Well, actually, not too bad in comparison with how Montreal Impact has traditionally embarked on previous MLS campaigns. And given the tumultuous winds of change at both management and playing levels, and that previously no Impact side has ever before, faced five road trips in its opening six fixtures, arguably this is Montreal’s 3rd best-ever start to an MLS-season.
Undoubtedly the team has looked unorganized and lacklustre at times, and played poorly, particularly in New York, Foxborough and during the first-half in Columbus, but is that so surprising given all the changes?
Changing management in any sphere needs meticulous planning, great communication and a degree of patience. You don’t get from A to B, or in the case of the Impact, 9th place to become a Play-off contender, overnight. It takes time!
A few things have happened to raise the expectancy level beyond what it probably should be.

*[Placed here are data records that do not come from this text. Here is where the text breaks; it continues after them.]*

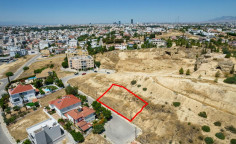 Residential plot with panoramic view, in Aglantzia, Nicosia , Nicosia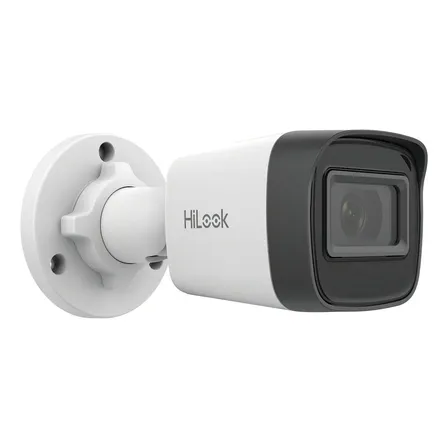 Câmera Residencial Infravermelho Ip Bullet Hilook By Hikvision Ipc-b121h-c(2.8mm) Branco
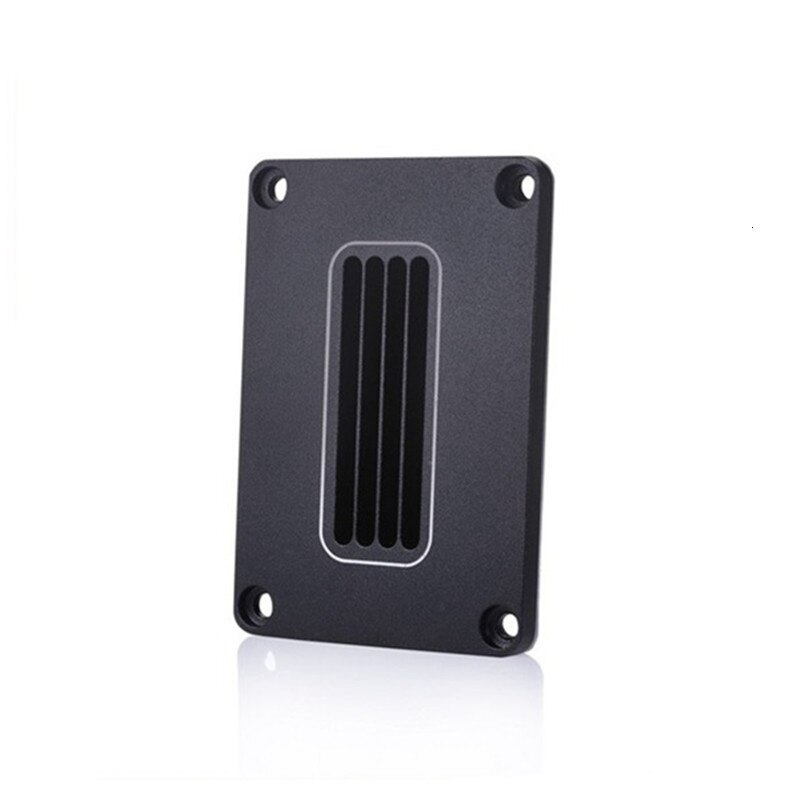 Cinta AMT plana de aluminio, tweeter HiFi con diafragma KAPTON y Material de línea conductora de papel de aluminio, 2 unids/lote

Hiring a renowned coach is one, the influx of several new signings another, and possibly more than anything, positive results against travel-weary, Toronto and depleted, Seattle.
Calmness personified, Remi Garde would probably admit his first few months in the job as being akin to walking into a whirlwind. European coaches often don’t slot into MLS smoothly. There’s a steep learning curve, it’s a league like no other, if just for the amount of travelling alone. Then there’s the different time-zones, and the widely varying styles of play from club to club.
Picking up on all of that is a challenge to any coach not so familiar with North American surroundings. Would Pep Guardiola struggle in the situation Remi Garde finds himself in? You bet your bottom dollar he would!
Same goes for Garde’s management team, then there’s all the new players needing to integrate into a new city and gel with unfamiliar teammates and coaches.
There was the centre-back crisis to deal with, a mixture of bad luck and poor planning. Following on from that, a realization that the squad wasn’t strong enough, so Silva and Camacho were added, possibly against original planning, which leant towards waiting for summer reinforcement.
Judgement at this point on the latest additions, as well as on the team and coaching set-up is pointless, not to say unfair. There’s likely to be a few more, poor performances and results, before things improve. Perhaps not though, hopefully not, but that’s what reason and history tell us about wholesale changes relative to new squad development.
Patience is the key, and coming home is bound to help the squad, even if playing at Stade Saputo for some, will be shrouded in unfamiliarity. But that’s the newness of it all. Montreal’s soccer public should embrace the transformation, one which still has every chance of success.
If there is an obvious concern for this writer, it’s the apparent lack of leaders on the field. Rod Fanni is stand-out in this regard, Saphir Taider and Samuel Piette show similar tendencies, but beyond those three it’s difficult to nominate others.
This won’t be invisible to the coach. He’s already made noises after the first couple of games on how the players need to be brave, be prepared to want the ball and to take responsibility.
He wants his team to possess the ball more than the opposition. That aspiration looks some way in the distance for now, but the new Montreal Impact needs and deserves time to develop.
The question on most fans’ lips for now is, can the side develop quickly enough to remain in contention for a play-off spot?
Well, it’s a long season, folks …… and there’ll be a few twists and turns before it’s over!